Aku baru pertama kali datang ke Maarif Institute. Dikutip dari situs maarifinstitute.org bahwa Statuta pendirian MAARIF Institute for Culture and Humanity (2002) menyatakan komitmen dasar lembaga ini sebagai gerakan kebudayaan dalam konteks keislaman, kemanusiaan, dan keindonesiaan. Tiga area ini merupakan hal pokok dan terpenting dalam perjalanan intelektualisme dan aktivisme Prof. Dr. Ahmad Syafii Maarif, mantan Ketua Umum PP Muhammadiyah dan mantan Presiden World Conference on Religion for Peace (WCRP).

Keberadaan MAARIF Institute merupakan bagian tidak terpisahkan dari jaringan gerakan Pembaruan Pemikiran Islam (PPI) yang ada di Indonesia dewasa ini. Gerakan pembaruan merupakan sebuah keniscayaan sekaligus tuntutan sejarah. Kompleksitas masalah kemanusiaan modern berikut isu-isu kontemporer yang mengikutinya seperti demokrasi, hak asasi manusia, pluralisme, gender, dialog antar-agama dan peradaban serta sederet isu lainnya menuntut pemahaman dan penjelasan baru dari ajaran Islam.

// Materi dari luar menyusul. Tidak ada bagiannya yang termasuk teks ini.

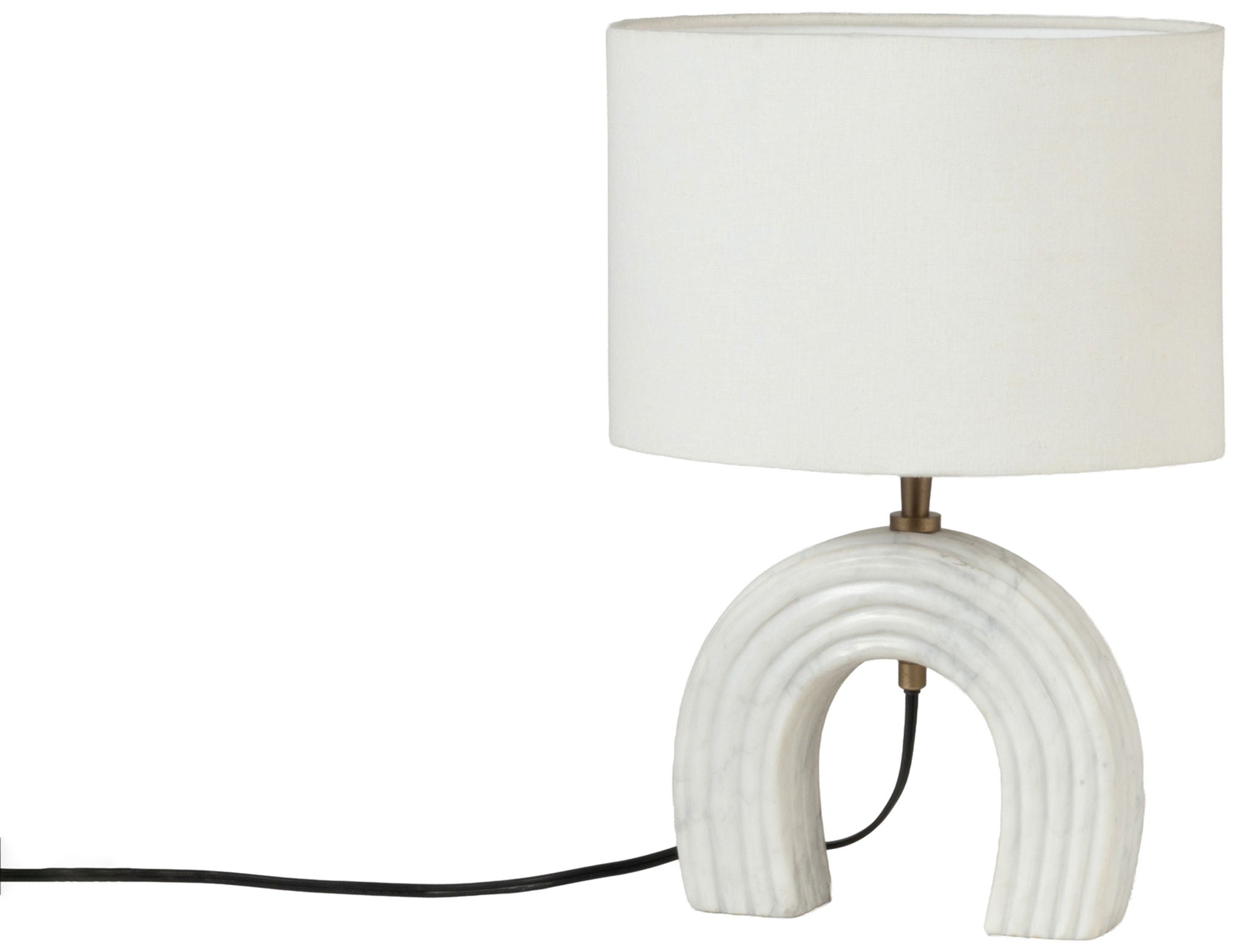 Lithos - Genuine Marble Base And Linen Textured Fabric Shade Table Lamp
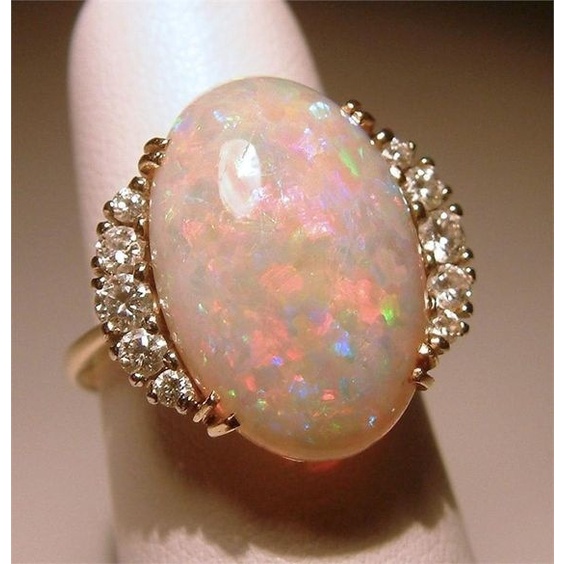 Ximilu⭐ Nhẫn Bạc 925 Đính Đá opal Hồng Đáng Yêu Dễ Thương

Disadari pula bahwa program serta aktivitas MAARIF Institute tidak dapat dipisahkan dari kebutuhan sosiologis persyarikatan Muhammadiyah, meskipun tidak ada hubungan structural dengan organisasi ini dan tanpa mengurangi komitmen untuk terus memperluas radius pergaulan lembaga. Muhammadiyah, menurut banyak kalangan, sering dianggap sebagai representasi gerakan modernis-moderat di Indonesia yang aktif mempromosikan pemikiran-pemikiran Islam, berdakwah, dan melakukan aksi-aksi sosial. Oleh karena itu, memperjuangkan arus pembaruan pemikiran Islam dalam konteks gerakan Muhammadiyah merupakan perhatian utama MAARIF Institute sebagai bagian dari upaya pencerahan sekaligus memperkuat elemen moderat (empowering moderates) di Indonesia.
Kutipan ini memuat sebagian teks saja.